Analogies using situations from the physical world can help. For example, children probably know that while it might be OK to share their home address in person with a close friend, it’s not OK to give it to a stranger on the street. But sharing information online, regardless of whom you’re sharing it with, requires extra care. This is because it’s easier for someone online to pretend to be someone else, and for information online to be shared with more than the person you intended. Remind children to check with an adult if they’re ever in doubt about sharing something online. And when they do ask you, explain how you made your decision.

Second, parents can look for examples of good or bad privacy practices embedded in everyday tools that children use. The website for PBS Kids, for example, tells children not to use any personal information, such as their last name or address, in their username.

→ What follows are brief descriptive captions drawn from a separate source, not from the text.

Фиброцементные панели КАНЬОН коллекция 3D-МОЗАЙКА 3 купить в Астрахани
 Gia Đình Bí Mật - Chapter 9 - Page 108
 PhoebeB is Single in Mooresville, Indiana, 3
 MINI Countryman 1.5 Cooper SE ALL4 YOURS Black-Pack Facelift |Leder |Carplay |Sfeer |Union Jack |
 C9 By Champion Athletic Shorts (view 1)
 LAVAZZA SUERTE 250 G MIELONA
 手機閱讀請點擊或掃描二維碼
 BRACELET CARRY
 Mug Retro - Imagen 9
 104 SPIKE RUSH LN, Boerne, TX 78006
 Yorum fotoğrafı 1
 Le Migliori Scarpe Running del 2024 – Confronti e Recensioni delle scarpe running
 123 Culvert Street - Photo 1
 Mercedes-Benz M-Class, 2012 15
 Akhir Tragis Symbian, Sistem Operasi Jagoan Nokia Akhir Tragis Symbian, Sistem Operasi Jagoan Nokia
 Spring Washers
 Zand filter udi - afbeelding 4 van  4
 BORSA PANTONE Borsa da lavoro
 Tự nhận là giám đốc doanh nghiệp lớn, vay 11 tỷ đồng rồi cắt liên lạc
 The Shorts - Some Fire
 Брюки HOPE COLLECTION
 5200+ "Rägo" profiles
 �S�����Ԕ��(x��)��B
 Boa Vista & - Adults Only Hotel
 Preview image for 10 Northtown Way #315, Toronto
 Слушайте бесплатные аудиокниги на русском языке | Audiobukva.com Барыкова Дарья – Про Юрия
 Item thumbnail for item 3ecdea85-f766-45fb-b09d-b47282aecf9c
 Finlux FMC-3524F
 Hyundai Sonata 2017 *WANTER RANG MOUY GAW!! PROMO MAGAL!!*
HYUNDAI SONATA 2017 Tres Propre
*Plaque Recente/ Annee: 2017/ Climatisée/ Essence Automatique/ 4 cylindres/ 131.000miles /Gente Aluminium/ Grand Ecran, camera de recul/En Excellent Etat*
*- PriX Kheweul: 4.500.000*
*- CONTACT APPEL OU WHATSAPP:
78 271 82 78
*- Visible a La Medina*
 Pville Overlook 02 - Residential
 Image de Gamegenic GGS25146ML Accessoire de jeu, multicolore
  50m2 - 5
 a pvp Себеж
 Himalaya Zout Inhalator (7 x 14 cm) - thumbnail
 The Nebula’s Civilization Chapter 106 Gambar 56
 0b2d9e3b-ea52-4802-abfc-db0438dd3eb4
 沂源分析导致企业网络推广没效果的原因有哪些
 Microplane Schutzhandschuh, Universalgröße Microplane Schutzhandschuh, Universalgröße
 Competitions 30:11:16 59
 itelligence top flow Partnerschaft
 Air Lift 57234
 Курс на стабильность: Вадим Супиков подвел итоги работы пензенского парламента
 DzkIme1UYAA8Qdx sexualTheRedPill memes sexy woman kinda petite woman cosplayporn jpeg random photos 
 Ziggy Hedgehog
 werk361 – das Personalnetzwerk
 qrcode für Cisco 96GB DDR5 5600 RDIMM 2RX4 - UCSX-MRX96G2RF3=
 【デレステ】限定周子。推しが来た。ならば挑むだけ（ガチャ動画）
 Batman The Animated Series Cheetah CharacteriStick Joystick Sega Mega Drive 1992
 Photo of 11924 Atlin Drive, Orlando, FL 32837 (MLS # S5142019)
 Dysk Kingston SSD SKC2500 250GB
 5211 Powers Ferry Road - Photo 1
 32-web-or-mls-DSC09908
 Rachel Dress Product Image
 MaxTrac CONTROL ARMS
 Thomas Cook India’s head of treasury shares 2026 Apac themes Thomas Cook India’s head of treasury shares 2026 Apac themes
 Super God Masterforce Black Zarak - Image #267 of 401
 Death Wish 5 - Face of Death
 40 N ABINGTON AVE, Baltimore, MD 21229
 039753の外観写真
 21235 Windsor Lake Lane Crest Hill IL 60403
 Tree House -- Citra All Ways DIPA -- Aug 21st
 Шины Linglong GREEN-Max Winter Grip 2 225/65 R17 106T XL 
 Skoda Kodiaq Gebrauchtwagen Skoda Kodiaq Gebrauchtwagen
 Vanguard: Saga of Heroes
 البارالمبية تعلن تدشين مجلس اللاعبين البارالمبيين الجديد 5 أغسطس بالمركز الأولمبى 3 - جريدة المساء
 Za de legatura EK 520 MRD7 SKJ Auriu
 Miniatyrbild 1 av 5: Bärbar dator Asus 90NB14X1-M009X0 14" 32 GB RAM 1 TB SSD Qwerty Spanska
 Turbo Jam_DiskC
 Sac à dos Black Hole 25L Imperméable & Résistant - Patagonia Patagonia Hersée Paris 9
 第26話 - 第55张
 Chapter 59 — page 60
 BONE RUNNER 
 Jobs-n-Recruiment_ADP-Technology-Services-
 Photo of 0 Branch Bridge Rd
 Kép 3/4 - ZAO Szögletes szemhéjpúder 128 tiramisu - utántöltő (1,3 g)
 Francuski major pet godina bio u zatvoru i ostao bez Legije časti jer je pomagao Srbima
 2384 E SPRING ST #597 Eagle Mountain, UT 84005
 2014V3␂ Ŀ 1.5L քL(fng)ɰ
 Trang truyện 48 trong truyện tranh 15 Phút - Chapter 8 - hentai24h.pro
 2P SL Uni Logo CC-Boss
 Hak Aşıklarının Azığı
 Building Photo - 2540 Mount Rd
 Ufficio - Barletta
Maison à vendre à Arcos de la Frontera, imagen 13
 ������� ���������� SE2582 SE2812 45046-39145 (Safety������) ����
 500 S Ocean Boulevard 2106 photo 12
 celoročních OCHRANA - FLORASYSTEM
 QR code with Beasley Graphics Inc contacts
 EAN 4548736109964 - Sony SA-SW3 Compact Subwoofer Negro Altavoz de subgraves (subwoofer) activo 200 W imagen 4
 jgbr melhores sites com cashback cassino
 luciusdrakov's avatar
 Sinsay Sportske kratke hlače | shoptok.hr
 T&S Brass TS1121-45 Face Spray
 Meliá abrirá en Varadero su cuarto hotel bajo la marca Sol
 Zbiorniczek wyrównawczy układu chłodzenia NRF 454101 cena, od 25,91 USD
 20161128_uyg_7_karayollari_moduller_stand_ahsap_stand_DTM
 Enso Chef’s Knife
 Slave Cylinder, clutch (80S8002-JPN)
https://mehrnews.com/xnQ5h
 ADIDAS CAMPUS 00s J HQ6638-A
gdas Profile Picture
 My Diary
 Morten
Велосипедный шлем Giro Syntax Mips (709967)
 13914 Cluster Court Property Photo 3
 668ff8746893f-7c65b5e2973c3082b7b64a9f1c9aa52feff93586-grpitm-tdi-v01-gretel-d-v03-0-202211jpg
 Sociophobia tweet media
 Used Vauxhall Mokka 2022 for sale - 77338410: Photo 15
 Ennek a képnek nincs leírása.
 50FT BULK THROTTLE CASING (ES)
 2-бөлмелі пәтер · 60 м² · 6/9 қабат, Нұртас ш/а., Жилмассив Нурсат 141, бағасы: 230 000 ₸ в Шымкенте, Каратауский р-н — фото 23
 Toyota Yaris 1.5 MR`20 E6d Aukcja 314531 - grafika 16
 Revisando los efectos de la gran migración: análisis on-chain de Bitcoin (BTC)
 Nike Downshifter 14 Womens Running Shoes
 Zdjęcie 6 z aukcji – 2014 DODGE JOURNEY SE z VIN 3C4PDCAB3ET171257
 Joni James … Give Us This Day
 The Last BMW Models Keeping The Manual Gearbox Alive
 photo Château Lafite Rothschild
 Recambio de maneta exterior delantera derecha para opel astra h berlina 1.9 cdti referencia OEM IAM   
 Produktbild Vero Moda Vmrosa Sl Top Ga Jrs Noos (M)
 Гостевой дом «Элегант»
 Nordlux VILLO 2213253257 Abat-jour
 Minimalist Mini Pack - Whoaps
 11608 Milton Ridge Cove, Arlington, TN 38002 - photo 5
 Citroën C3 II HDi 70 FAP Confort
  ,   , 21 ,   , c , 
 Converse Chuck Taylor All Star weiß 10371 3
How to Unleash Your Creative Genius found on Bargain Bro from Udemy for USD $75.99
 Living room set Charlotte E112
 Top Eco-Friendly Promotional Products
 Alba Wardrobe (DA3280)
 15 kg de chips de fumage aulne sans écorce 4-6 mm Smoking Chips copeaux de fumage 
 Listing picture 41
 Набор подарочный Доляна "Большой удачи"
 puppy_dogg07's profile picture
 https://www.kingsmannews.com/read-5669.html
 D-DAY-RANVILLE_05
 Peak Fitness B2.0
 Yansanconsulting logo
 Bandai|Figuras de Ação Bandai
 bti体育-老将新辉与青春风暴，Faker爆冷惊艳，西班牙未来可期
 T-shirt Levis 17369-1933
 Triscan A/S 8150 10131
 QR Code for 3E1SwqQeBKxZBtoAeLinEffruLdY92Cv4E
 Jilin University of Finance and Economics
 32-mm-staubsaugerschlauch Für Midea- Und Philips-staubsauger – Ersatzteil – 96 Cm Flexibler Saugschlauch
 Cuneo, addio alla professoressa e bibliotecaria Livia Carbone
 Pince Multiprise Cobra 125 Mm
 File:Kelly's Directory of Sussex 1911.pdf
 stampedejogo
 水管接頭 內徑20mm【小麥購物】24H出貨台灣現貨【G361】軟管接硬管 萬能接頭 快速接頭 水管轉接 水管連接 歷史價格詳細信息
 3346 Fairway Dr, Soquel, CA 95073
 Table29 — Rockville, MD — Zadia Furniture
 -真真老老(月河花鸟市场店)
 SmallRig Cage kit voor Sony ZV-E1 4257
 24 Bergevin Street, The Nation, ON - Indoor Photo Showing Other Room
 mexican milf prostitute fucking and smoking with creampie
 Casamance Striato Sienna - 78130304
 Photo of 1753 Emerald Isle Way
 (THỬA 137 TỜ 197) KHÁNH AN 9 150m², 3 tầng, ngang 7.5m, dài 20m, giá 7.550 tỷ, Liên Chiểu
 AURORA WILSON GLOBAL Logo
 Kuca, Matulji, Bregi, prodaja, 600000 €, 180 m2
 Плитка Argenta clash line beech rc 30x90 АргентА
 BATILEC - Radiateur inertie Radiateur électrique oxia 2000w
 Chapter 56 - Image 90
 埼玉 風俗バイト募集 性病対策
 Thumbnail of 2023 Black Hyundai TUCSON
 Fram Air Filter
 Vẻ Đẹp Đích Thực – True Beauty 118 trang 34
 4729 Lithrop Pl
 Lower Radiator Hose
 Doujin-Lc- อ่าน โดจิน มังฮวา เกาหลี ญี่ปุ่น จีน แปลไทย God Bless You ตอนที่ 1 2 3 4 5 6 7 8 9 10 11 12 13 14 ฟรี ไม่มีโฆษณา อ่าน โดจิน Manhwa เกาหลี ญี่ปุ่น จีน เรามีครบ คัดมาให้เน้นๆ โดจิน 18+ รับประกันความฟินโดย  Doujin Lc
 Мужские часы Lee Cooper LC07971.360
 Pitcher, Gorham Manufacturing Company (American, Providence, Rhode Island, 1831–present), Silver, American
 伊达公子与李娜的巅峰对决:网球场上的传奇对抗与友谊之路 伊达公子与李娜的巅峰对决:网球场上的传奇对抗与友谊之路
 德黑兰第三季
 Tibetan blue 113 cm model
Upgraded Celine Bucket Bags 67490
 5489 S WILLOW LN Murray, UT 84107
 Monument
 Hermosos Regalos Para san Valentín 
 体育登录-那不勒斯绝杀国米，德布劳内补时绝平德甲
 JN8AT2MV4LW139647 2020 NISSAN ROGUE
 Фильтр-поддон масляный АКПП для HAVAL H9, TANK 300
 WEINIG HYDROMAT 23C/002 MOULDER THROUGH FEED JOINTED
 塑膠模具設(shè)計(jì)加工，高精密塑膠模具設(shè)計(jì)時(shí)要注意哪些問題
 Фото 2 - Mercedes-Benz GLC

And instead of asking kids to create security questions, which often involve personal information, the site has children select three pictures to create a “secret code.” As children interact with sites like PBS Kids, parents can ask whether they understand why the websites have been set up this way.

Third, parents can check out existing resources related to privacy and security online. Common Sense Media and the Family Online Safety Institute offer great guides about privacy challenges children may face online and how parents can teach kids about them. PBS Kids, too, has created a series of technology-focused cartoon videos and parent guides that include lessons related to privacy and security. The U.K.-based company Excite-ed even developed a series of kid-friendly apps that include privacy-related tips and quizzes.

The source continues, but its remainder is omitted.